Mais les véritables gemmes sont réservées au volume 2, et sont dues à un scénariste en particulier (Bruce Jones), un génie dans son genre, qui avait déjà signé l'excellentissime histoire "Jenifer", ainsi que d'autres récits d'excellentes factures mis en image par Bernie Wrightson.

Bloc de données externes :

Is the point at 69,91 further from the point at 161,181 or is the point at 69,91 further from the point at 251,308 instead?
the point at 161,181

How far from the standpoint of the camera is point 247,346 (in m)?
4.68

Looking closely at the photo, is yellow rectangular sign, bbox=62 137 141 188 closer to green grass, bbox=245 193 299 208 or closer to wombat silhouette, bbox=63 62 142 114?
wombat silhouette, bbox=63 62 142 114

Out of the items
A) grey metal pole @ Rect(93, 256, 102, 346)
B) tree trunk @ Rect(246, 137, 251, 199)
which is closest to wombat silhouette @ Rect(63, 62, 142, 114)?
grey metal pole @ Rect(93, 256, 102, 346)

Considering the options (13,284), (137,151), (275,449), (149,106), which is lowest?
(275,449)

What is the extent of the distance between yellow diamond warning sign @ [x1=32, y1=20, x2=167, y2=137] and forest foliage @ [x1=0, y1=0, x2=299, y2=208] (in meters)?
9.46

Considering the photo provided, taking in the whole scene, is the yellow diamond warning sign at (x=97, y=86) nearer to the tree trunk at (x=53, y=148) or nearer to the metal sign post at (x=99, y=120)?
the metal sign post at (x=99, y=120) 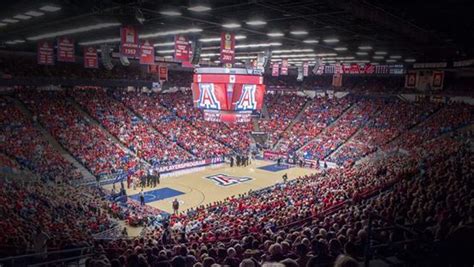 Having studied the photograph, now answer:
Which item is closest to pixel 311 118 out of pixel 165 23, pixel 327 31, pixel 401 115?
pixel 401 115

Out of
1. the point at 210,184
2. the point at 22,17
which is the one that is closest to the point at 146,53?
the point at 22,17

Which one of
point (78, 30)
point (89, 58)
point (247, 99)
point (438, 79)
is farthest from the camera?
point (438, 79)

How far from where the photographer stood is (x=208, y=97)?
2000 cm

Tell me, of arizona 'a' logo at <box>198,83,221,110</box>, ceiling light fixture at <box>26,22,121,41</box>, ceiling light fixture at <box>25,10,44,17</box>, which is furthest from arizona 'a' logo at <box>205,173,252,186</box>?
ceiling light fixture at <box>25,10,44,17</box>

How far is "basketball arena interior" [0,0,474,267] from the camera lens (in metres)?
8.05

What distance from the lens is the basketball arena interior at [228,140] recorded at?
26.4ft

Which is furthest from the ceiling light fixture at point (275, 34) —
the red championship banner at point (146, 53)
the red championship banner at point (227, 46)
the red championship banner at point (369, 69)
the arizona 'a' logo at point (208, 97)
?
the red championship banner at point (369, 69)

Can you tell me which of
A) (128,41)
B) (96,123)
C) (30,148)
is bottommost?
(30,148)

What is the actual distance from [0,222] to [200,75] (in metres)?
11.6

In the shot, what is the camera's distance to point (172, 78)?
48.2m

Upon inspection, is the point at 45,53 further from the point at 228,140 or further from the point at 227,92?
the point at 228,140

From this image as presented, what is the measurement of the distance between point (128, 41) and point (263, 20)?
6061 mm

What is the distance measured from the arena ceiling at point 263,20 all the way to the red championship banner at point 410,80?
16907 mm

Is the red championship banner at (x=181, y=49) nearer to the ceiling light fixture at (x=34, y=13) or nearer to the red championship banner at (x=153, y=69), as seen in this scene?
the ceiling light fixture at (x=34, y=13) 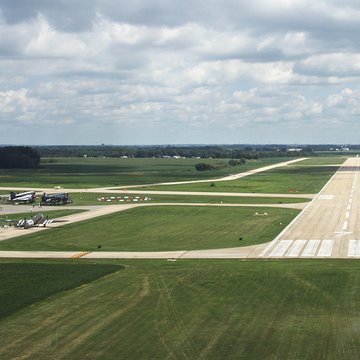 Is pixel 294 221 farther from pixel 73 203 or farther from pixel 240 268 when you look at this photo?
pixel 73 203

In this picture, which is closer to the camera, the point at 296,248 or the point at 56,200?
the point at 296,248

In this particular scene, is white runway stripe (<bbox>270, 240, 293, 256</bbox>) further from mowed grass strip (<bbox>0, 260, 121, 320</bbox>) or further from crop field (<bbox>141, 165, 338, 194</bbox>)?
crop field (<bbox>141, 165, 338, 194</bbox>)

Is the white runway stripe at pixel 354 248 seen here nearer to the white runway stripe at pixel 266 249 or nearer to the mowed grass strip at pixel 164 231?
the white runway stripe at pixel 266 249

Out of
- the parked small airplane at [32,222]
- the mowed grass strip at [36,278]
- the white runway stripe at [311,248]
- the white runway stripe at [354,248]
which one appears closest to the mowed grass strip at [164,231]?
the parked small airplane at [32,222]

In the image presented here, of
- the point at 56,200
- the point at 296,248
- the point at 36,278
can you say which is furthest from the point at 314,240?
the point at 56,200

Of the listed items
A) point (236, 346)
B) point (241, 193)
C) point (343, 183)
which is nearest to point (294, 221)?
point (241, 193)

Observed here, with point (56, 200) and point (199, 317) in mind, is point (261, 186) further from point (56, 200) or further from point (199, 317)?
point (199, 317)

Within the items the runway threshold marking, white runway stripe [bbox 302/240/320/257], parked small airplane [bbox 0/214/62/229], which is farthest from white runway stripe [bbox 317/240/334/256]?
parked small airplane [bbox 0/214/62/229] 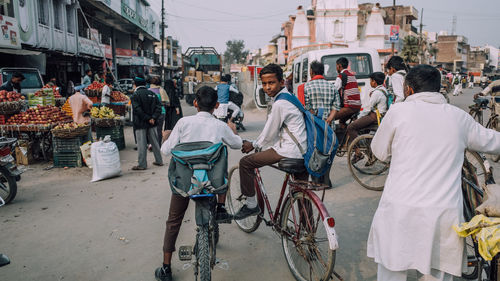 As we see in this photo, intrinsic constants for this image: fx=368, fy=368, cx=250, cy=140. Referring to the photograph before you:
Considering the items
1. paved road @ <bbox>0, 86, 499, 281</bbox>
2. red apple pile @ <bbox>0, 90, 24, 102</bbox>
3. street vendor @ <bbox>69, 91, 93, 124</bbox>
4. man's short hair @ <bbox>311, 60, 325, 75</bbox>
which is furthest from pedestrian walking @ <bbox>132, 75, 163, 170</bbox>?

Trois de ses histoires sortent ici particulièrement du lot:
- la cruelle "In Deep" (de toute évidence le chef-d'oeuvre du recueil) avec son couple qui se retrouve en très mauvaise posture accroché à une bouée au milieu de l'océan suite à un naufrage, à la conclusion certes un peu grotesque mais extrêmement frappante ; le dessin de Corben est ici au top du top;
- l'étonnamment poétique "You're a big girl now", espèce de "The Shrinking Man" en inversé, mais aussi jusqu'au-boutiste que son prédécesseur ; pour l'anecdote, cette histoire est une commande passée spécifiquement pour répondre à une couverture de Frazetta qui représentait une femme géante en haut de l'Empire State Building, en un détournement de King Kong donc : selon la préface très documentée, le numéro dans son entier était rempli de variations sur ce thème (Etonnant!!!);
- enfin, l'original, frappant et drôle "A Woman Scorned" (qui fournit également sa couverture au tome 2 de cette intégrale) avec son récit en boucle, son lézard et sa bimbo aux pouvoirs psychiques démesurés!
J'évoquerai aussi l'étonnant "Bowser", parodie de l'american way of life scénarisée par Jan Strnad, où le chien de compagnie aurait été remplacé...par une créature lovecraftienne!. Le dessin est là aussi au top, et cette horreur née d'une légère perversion du quotidien est des plus intéressantes!
Bref, une intégrale d'intérêt (voire de très grand intérêt pour le volume 2) qui se hisse au niveau de l'intégrale Bernie Wrightson. Si vous êtes compatible avec le style Corben, vous pouvez donc y aller les yeux fermés!